Dewji agrees that global warming is “very serious,” and MeTL has made several changes to reduce its carbon footprint. The company stopped using wood to produce steam in its factories and replaced it with natural gas, and invested over $ 1 million to install reverse osmosis systems in its textile plants so the water runoff is safe to drink. Dewji insists they remain vigilant, open to and searching for other ways to be more environmentally responsible.
No one disputes that being born a Dewji gave him a head start in business, but he also inherited discipline and drive from his family. Married with three children, he tells of great-great-grandparents who came to Tanzania from India on a dhow — a two-masted boat — in the late 19th century. His father picked up his grandmother’s work ethic and entrepreneurial spirit, and together they built the company that Dewji now runs. He says his mother, a caretaker of six children, was the family backbone.
As the company grew, the family split up to manage the various trading hubs: Dewji and his older sister went with their grandmother to Arusha in northern Tanzania, where he attended a British school.
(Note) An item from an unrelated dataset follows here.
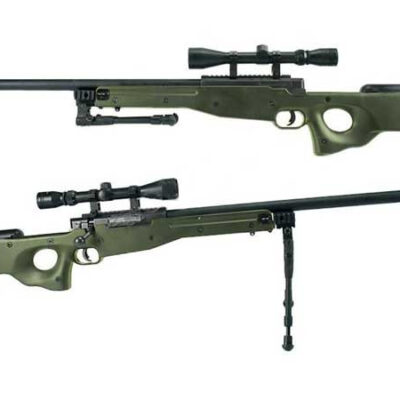 L96 OD  plus  scope and bipod - OD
A promising golfer, he left home for Florida after 10th grade to enroll at the Arnold Palmer Golf Academy outside Tampa. In 1994, Dewji graduated from Saddle Brook High School in New Jersey and, eschewing a career in golf, studied international business and finance at Georgetown University in Washington, D.C.
True, his family was well-off, he was afforded numerous advantages and, when he returned home, he started by managing a MeTL commodities trading business and was promoted to chief financial officer within two years. Still, his achievements are quantifiable: Today, the company is the biggest employer in Tanzania, produces foods and goods across 21 categories and outsells global brands.
Dewji maintains that his ambition is fueled by perfection more than anything else. At the office by 6 a.m., he finds time to work out twice a day, pray, meet his mother for lunch (even for just 15 minutes, he says) and run 28 or so miles a week. Vipul Kakad, vice president at MeTL and a friend for 19 years, adds: “Even if he has thousands of emails, he would ensure to reply to each and every [one].”
Dewji’s next target is to generate $ 5 billion in revenue within five to seven years and employ 100,000 people across Africa. His advice for aspiring billionaires? Patience, he says. “Success, money, wealth — it’s climbing the stairs. There’s no elevator.”